Otro más pa mi gente... haha...just because I can't let it go smile

Its nice that H gives us a good and accurate history of the B men. But what he fails to realize is that many of the people who were active with this (and similar actions) were/are also supportive of the struggle of the B men and subsequent struggles within in the ILWU against more conservative elements within the international leadership.

From a bay area listserv:

Just to clarify a couple of points about the June 20 pickets that shut
down the SSA terminal at the Port of Oakland for 24 hours:

1) On Tuesday, June 8, the ILWU Exec. Bd. passed the resolution that
is mentioned below. On Thurs., June 10 there was meeting called on
24-hours notice and attended by representatives of the Palestinian
community in the Bay Area, the Transport Workers Solidarity Cmte,
ANSWER Coalition and other organizations to form the Labor/Community
Committee in Solidarity with the Palestinian People. The
Labor/Community Committee was the sponsor of the June 20 picket lines
at the Port of Oakland. Many, many organizations endorsed.
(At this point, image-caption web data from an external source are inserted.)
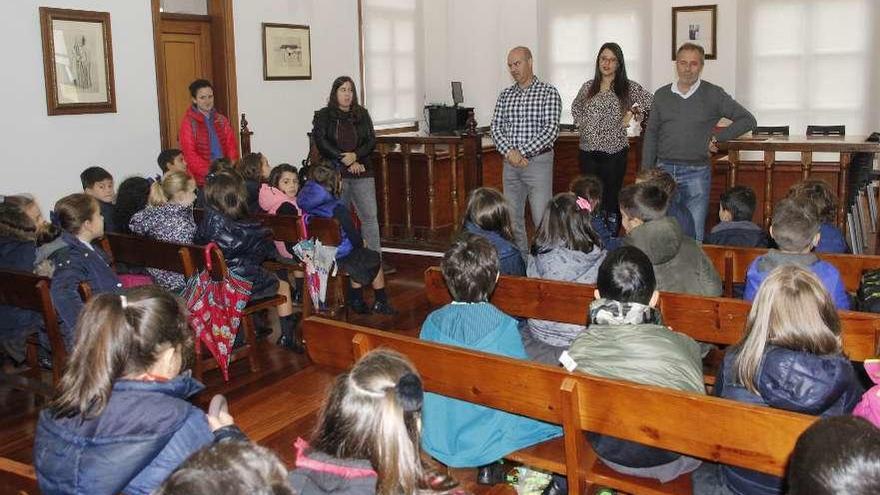 Los alumnos del Virxe Milagrosa en el salón de plenos con el alcalde y dos ediles. // Santos Álvarez
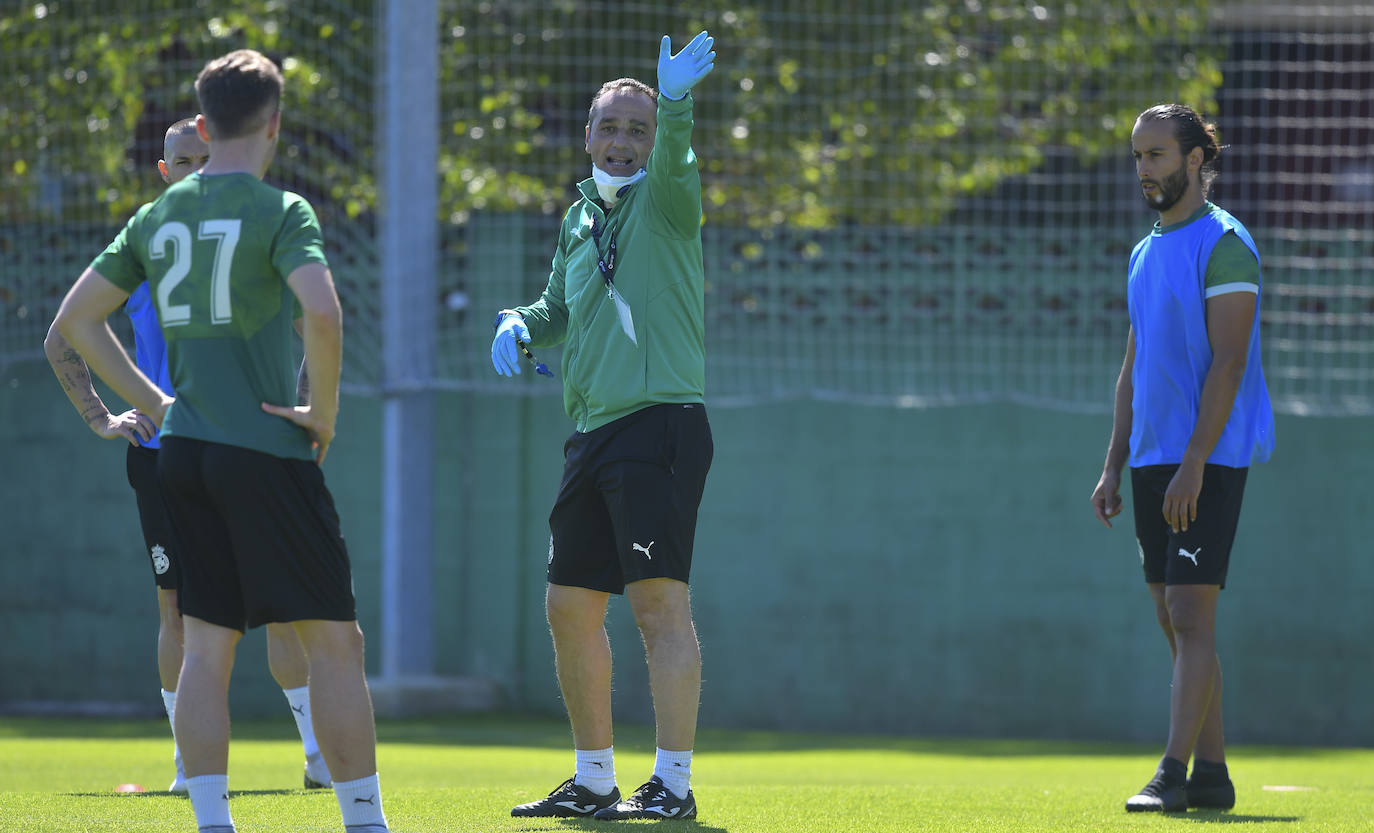 Fotos: El Racing sigue preparando su regreso a la competición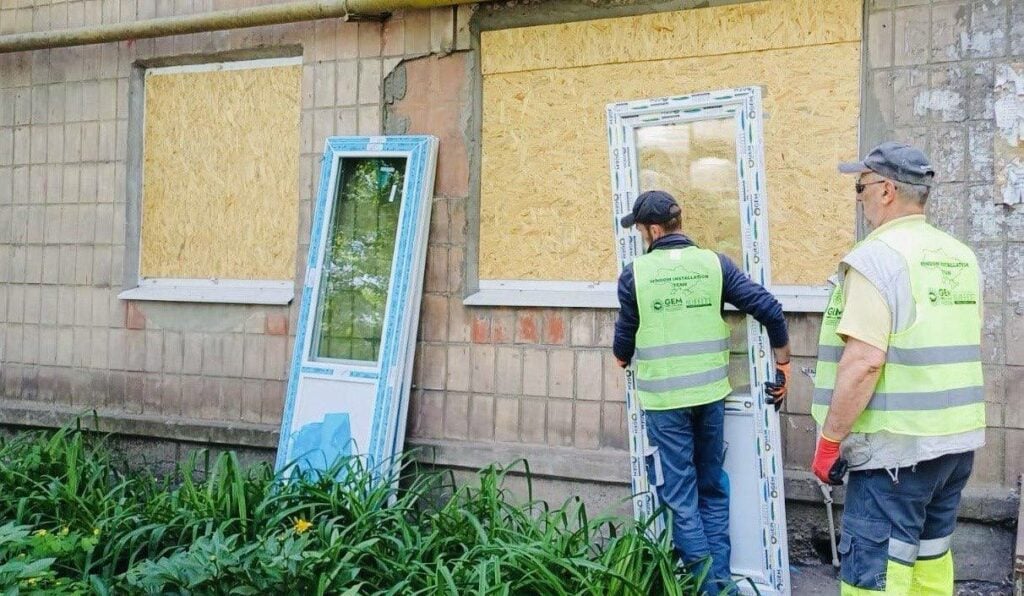 У Покровську за підтримки БО GEM міняють пошкоджені обстрілами віконні конструкції (фото)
ANSWER did play a major role in the action. But it should be noted that
it was kicked off by the Transport Workers Solidarity Committee , a
Multi-Union Rank and file (and for this website's information...a non-sectarian) committee. After we decided to launch the effort Local 10 passed a motion condemning the attack on the Flotilla, called for an end to the blockade and praised the (then) up coming Swedish dockers
union action . Also various Labor councils passed similar motions ,
albeit with language weaker than the #10 resolution. This was followed by two Public meetings where numerous groups were represented.

Jun 30 2010 04:35

fascinating posts.
re: joe ryan, i'm only just finishing 'dark harbor' about the writing of the articles by malcolm johnson that became 'on the waterfront'. the book is mainstream journalism and not history, and mentions bridges only briefly as a red and a foil for the jingo ryan, but still ... coincidence.